\noindent
\begin{abstract}
  Effective discovery and integration of ecological data within data
  management systems requires rich semantic information that can
  describe and relate the types of information contained within
  disparate data sets. Within the Semtools project, we have developed
  approaches for expressing and representing semantic annotations of
  data sets for supplementing attribute and data-level metadata with
  terms drawn from domain-specific ontologies. Annotations provide a
  formal mechanism that can be used together with reasoning systems to
  enhance existing data discovery and integration approaches.  We
  describe extensions to the Ecological Metadata Language (EML) and
  associated tools for storing and using semantic annotations.
  Specifically, we describe new user interface components implemented
  within the Morpho metadata editor for capturing user-supplied
  semantic annotations, extensions to the Metacat system for storing
  and accessing annotations and corresponding OWL-DL ontologies, and a
  new API within Metacat that uses annotation metadata to provide
  concept-based search and integration of data sets.
%   The Data Manager paper from the last EIM included semantic
%   foreshadowing in the 'future directions' section and this is a
%   logical continuation of that work. Previously, we saw that the DM
%   library enabled data integration tasks provided we knew exactly
%   which data attributes from exactly which datasets were "compatible"

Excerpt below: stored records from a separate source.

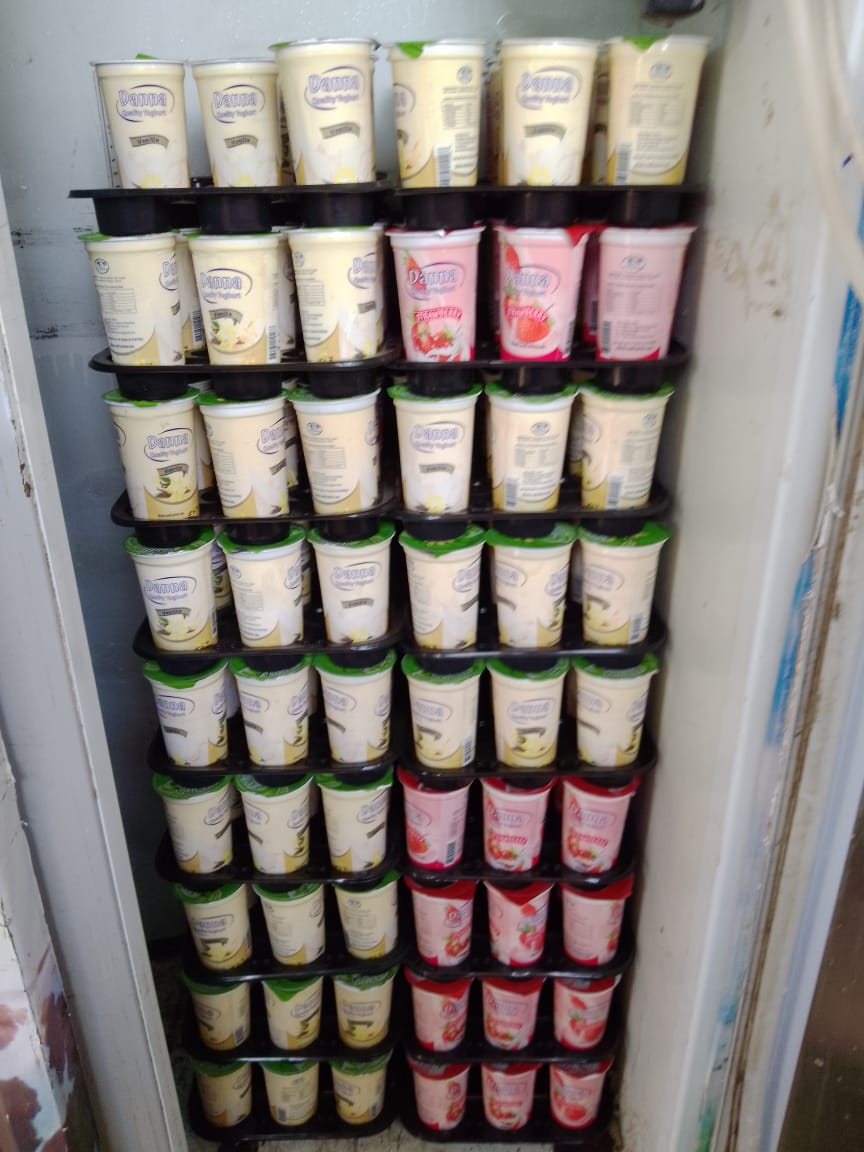 Display fridge full of Danna yoghurt cups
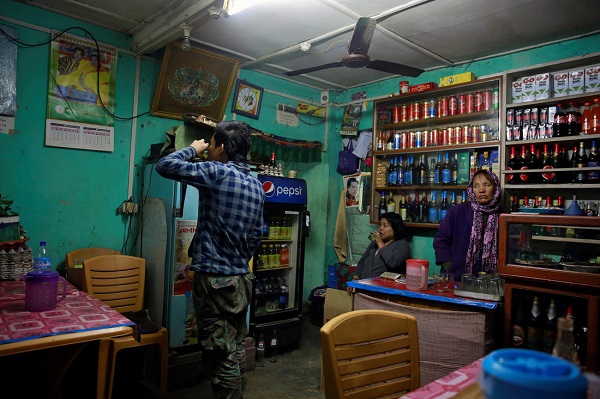 Một thanh niên đang uống cốc rượu bên trong một cửa hàng tạp hóa ở Thimphu.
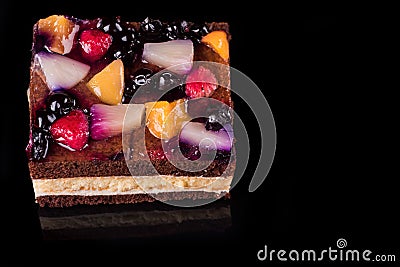 Piece of fruit cake with jelly and cream. Black background. Top view Stock Photo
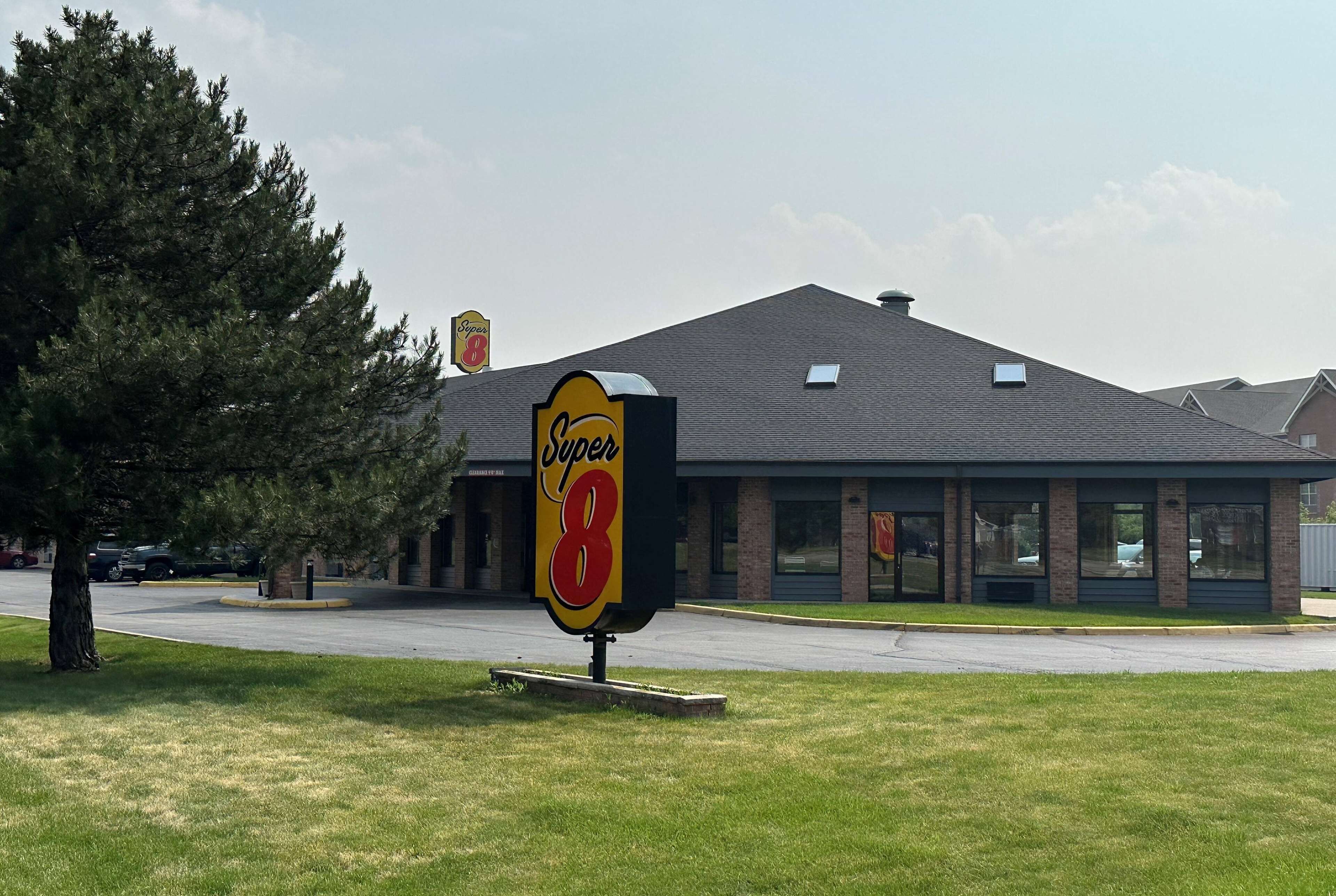 Un motel de type Super 8, avec une grande enseigne, une façade en briques et un parking.
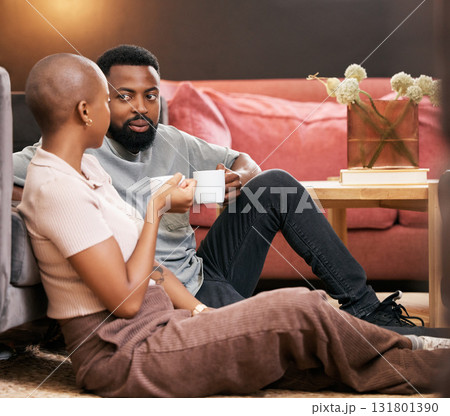 Coffee, love and valentines day with a black couple sitting on the living room floor together for romance. Relax, date or romantic with a man and woman spending time in their home for bonding 131801390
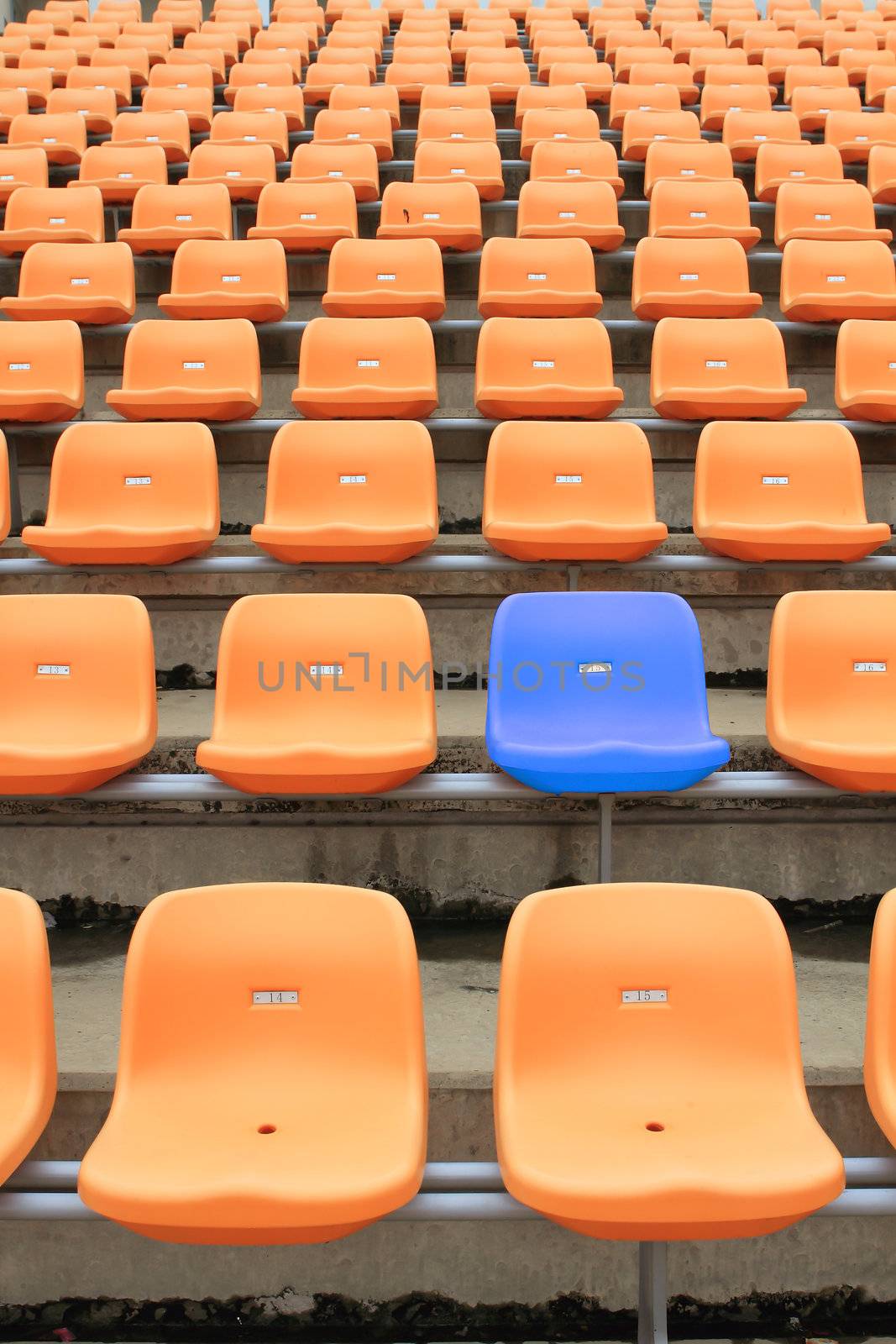 Empty stadium chairs, representing individuality  by rufous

%   with each other. Here "compatible" means not simply structurally
%   similar (e.g. decimal numbers) but also conceptually similar
%   (e.g. ocean water temperature in C). By including rich semantic
%   annotations we initially show simple integration capabilities where
%   the subject domain of our data corpus is relatively constrained
%   (i.e. SBC-LTER) and the observational models represented are
%   minimally variable (i.e. context excluded). Semantically-enahnced
%   query capabilities facilitate this 'smart integration' in multiple
%   ways.
%   First, the corpus is refined through compound concept-based
%   queries that exercise OBOE-compatible ontological subsumption
%   hierarchies to locate roughly equivalent attributes across
%   datasets. Additional query constraints are defined in relation to
%   the precise observational model formally expressed in OBOE. Finally,
%   the actual data values are interrogated so that only those that fall
%   in the desired range are returned. From this resultant subset of
%   disparate data objects we create a single synthetic data product
%   that represents a 'materialization' of the observations. Technical
%   discussion will include high-level descriptions of the
%   infrastructure and tools employed with focus on our development in
%   the rapidly evolving semantic frontier where scalability and best
%   practices are particularly germane and equally elusive.
\end{abstract}

\vspace{3pt}
\noindent {\small{\bf{\em Keywords}---ontologies; annotation; data
  discovery and integration}}


%%% Local Variables: 
%%% mode: latex
%%% TeX-master: "main"
%%% End: